ACTIVITY: Look through the lines below and copy each one that includes "with".

RECORDS FOR THE TASK:

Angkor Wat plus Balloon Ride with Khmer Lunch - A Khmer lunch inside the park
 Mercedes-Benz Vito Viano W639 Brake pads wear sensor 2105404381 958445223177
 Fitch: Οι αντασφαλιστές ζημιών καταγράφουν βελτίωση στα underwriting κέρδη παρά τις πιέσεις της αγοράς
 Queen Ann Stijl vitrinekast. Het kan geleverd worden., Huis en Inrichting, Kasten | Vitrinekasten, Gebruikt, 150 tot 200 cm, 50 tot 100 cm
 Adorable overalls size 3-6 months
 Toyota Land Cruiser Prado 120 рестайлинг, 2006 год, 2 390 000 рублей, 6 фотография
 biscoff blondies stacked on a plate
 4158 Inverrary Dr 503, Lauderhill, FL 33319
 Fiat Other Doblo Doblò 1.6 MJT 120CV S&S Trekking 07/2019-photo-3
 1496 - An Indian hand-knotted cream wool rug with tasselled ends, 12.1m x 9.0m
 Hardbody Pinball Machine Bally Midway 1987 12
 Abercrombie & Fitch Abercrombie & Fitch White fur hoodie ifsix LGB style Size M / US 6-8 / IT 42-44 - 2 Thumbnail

SOLUTION TO THIS PROBLEM:
Angkor Wat plus Balloon Ride with Khmer Lunch - A Khmer lunch inside the park
 1496 - An Indian hand-knotted cream wool rug with tasselled ends, 12.1m x 9.0m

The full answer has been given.